UIMA SDK Overview

IBM’s Unstructured Information Management Architecture (UIMA) is an architecture and software framework for creating, discovering, composing and deploying a broad range of multi-modal analysis capabilities and integrating them with search technologies.

The UIMA framework provides a run-time environment in which developers can plug in and run their UIMA component implementations and with which they can build and deploy UIM applications. The framework is not specific to any IDE or platform.

The UIMA Software Development Kit (SDK) includes an all-Java implementation of the UIMA framework for the development, description, composition and deployment of UIMA components and applications. It also provides the developer with an Eclipse-based (www.eclipse.org) development environment that includes a set of tools and utilities for using UIMA.

This chapter is the intended starting point for readers that are new to the UIMA SDK. It includes this introduction and the following sections:

Chapter

Description

Overviews

UIMA SDK Overview (This Chapter)

Lists the documents provided in the UIMA SDK documentation set.

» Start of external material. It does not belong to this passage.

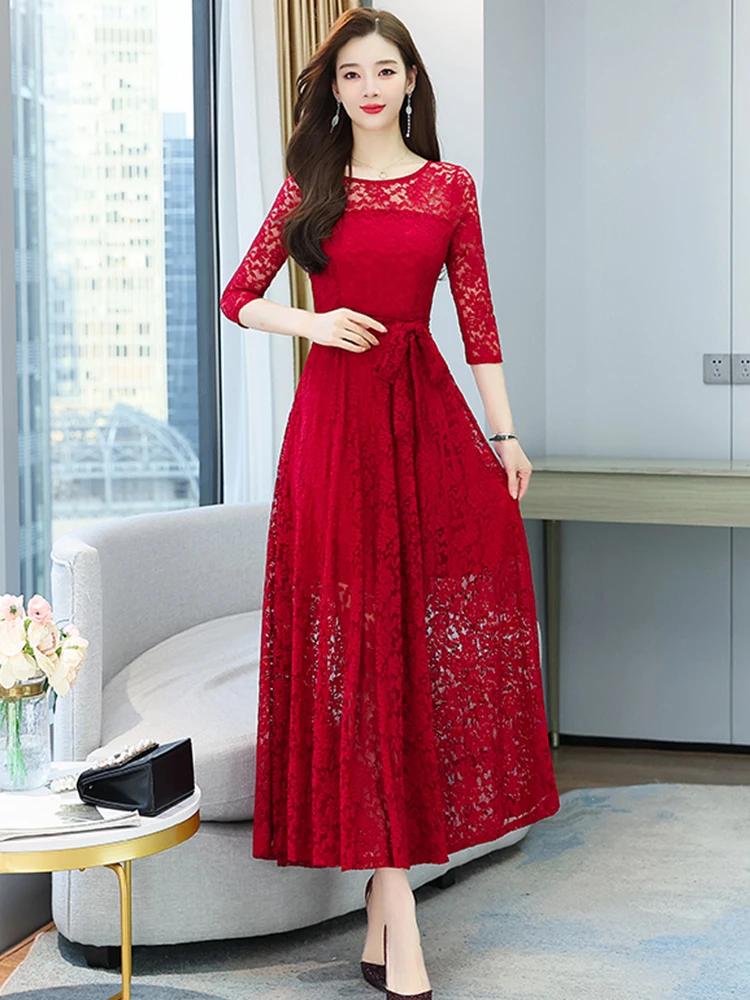 Manifold Afdeling grundigt Lace Crochet Women Long Dress Black 2023 Spring Summer Red Fashion Casual  Beach Elegant Chic Mesh Prom Evening Midi Dresses For - AliExpress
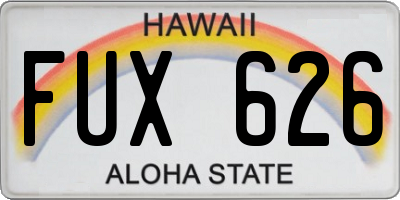 HI license plate FUX626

Provides a recommended path through the documentation for getting started using UIMA.

Includes release notes.

Provides a brief high-level description of the different software modules included in the UIMA SDK.

UIMA Conceptual Overview

Provides a broad conceptual overview of the UIMA component architecture making contextual references to the other documents in the UIMA SDK documentation set that provide more detail.

Setting up

UIMA Eclipse Tooling Installation and Setup

Provides step-by-step instructions for installing the UIMA SDK in the Eclipse Interactive Development Environment.

Developer's Guides

Annotator and AE Developer's Guide

Tutorial-style guide for building UIMA annotators and analysis engines. This chapter introduces the developer to creating type systems and using UIMA’s common data structure, the CAS or Common Analysis Structure. It demonstrates how to use built in tools to specify and create basic UIMA analysis components.

CPE Developer's Guide

Tutorial-style guide for building UIMA collection processing engines. These manage the analysis of collections of documents from source to sink.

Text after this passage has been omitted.